> Supplied information
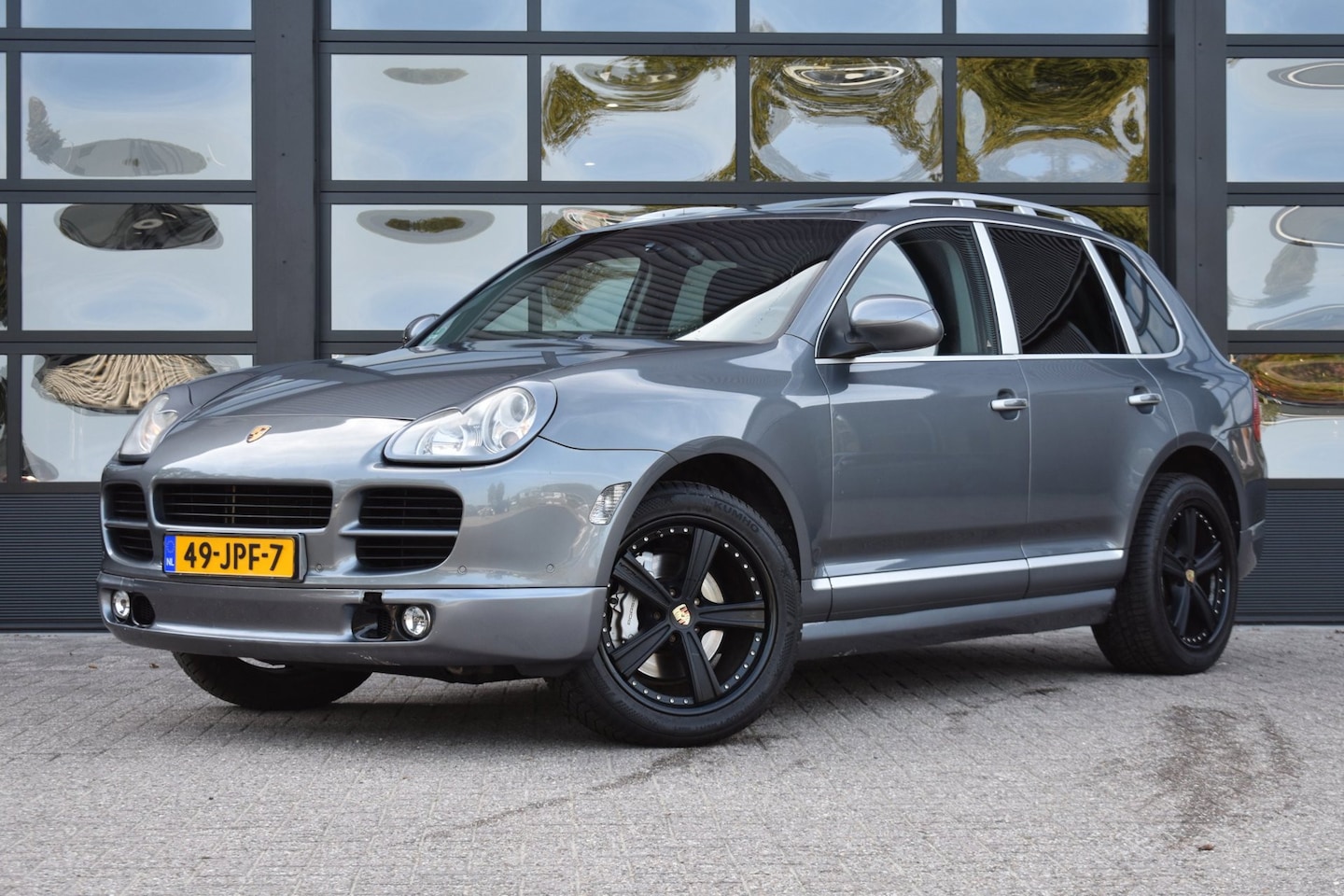 Porsche Cayenne - 4.5 S '07 Gemballa Xenon Leder Clima Navi Cruise Inruil mogelijk - AutoWereld.nl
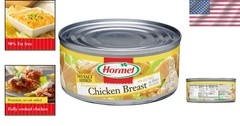 Convenient 12-Pack of 5 oz No Salt Added Chunk Chicken Breast – 100% Real Meat
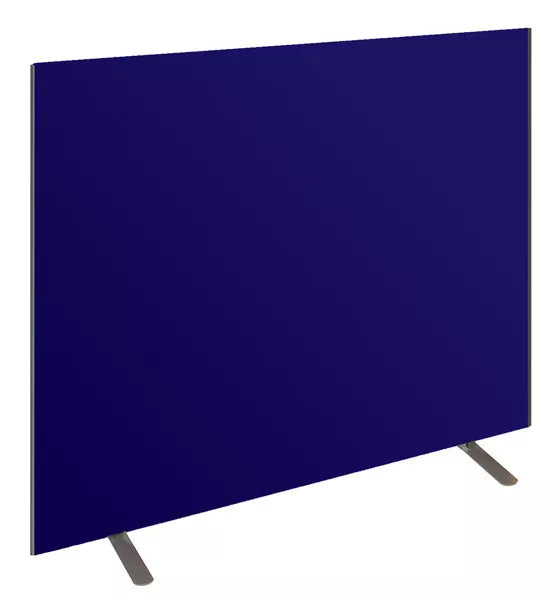 Cheapest Office Screens Partition/Room Divider- Royal Blue Free Standing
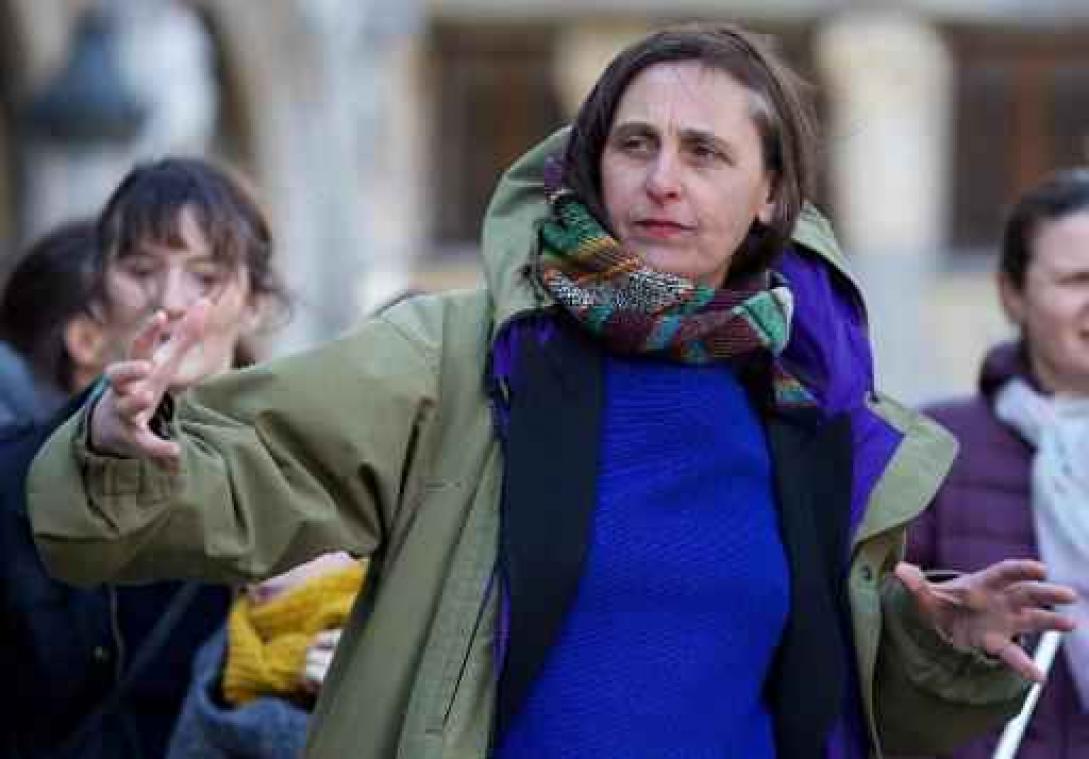 Anne Teresa De Keersmaeker krijgt carrièreprijs van Antwerp Management School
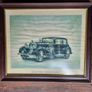 Car collection from early 1900s Framed Image 6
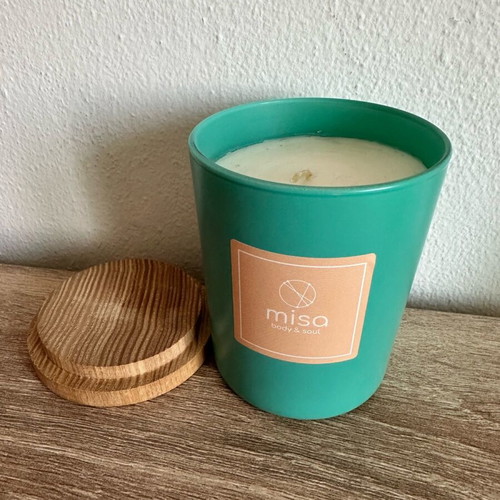 MISA Talc Musk scented candle new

> Task goal
Drop the pictures and reproduce the rest of the data above exactly.

> Answer to this exercise
 Porsche Cayenne - 4.5 S '07 Gemballa Xenon Leder Clima Navi Cruise Inruil mogelijk - AutoWereld.nl
 Convenient 12-Pack of 5 oz No Salt Added Chunk Chicken Breast – 100% Real Meat
 Cheapest Office Screens Partition/Room Divider- Royal Blue Free Standing
 Anne Teresa De Keersmaeker krijgt carrièreprijs van Antwerp Management School
 Car collection from early 1900s Framed Image 6
 MISA Talc Musk scented candle new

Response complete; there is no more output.